As was pointed out by Dennis Wichelns (2014), the trading of virtual water as a concept is not based as much on an underlying conceptual framework for state decision-makers as it is considered to be. Antonelli Marta and Sartori Martina (2015) say as much in their study on virtual water: the potential of such water as an indicator for informing decision-making in foreign policy and international relations is yet to be unfolded fully because the concept is not an adequate policy measure.
The paper identifies this limitation; however, it reiterates that the trading of virtual water and the absence of its discussion in the International Relations (IR) discourse makes it intriguing enough to study under the lens of IR theories. Food security, derived from the trade of virtual water, opens avenues into the study of virtual water as a concept. It also explains how this concept, in its limited scope, can provide a picture of some of the water-related foreign policies pursued by the United Arab Emirates with the Islamic Republic of Iran.
Under a neo-realist lens, virtual water can be said to lead to the development of policies that tackle water wars arising from water scarcities, the creation of a security dilemma – where the water-poor nation feels vulnerable against the water-rich one – the creation of dependency, and a shift in the balance of power. Under a neo-liberal lens, virtual water can, arguably, lead to the development of policies that encourage free trade, the resolution of or coming to terms on issues of water and water scarcities, and interdependence between both countries that can extend, in some cases to soft power stratagems.

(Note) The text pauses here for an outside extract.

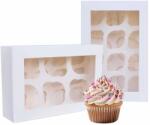  Muffin/Cupcake tároló doboz - Ablakos, 6 és 12 részes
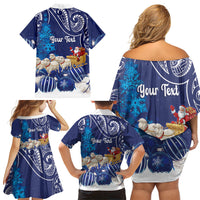 New Zealand Christmas In July Personalised Family Matching Off Shoulder Short Dress and Hawaiian Shirt Funny Santa Sheep Meri Kirihimete Blue LT14 - Polynesian Pride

The paper will now discuss two policies the United Arab Emirates practices towards the Islamic Republic of Iran with regard to virtual water and Virtual Water Trade. It will then analyse them together under the features of neo-realism and neo-liberalism expounded above.
The UAE’s Foreign Policy with Iran
The United Arab Emirates shares, as cited by political onlookers in the West, a more congenial foreign policy with the Islamic Republic of Iran than that of its regional counterparts. This is arguably true for two reasons. One, the oldest merchant families in Dubai and the rest of the United Arab Emirates all herald from the southern fringes of Iran, due to which the country has had a long history of trade with the Shiite republic. Ancestral history, a secular environment, and the UAE’s trade interests have granted these merchant families and their subsequent generations a safe haven in the Emirates.

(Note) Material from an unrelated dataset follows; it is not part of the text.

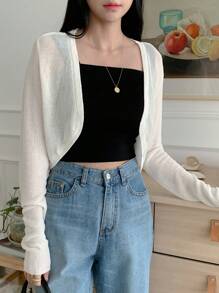 DAZY Solid Open Front Crop Cardigan - Beige - View 2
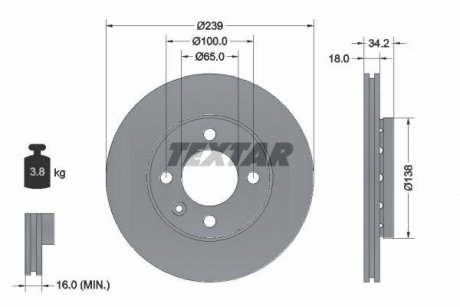 Тормозной диск TEXTAR 92072003 (фото 1)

Two, though the United Arab Emirates periodically rejects Iran’s claims to its three islands of Abu Musa, Greater Tunb, and Lesser Tunb, it has always remained careful to not push the dispute into real conflict. William A. Rugh (2014) observes that this could be a strategy to protect mutual trade interests; indeed, the United Arab Emirates, as pointed before, is the Islamic Republic’s largest market for wheat export. This secures the UAE’s local water resources to a significant degree due to Virtual Water Trade in the form of grain staples trade, and it also becomes a source of revenue for the economically crippled country of Iran.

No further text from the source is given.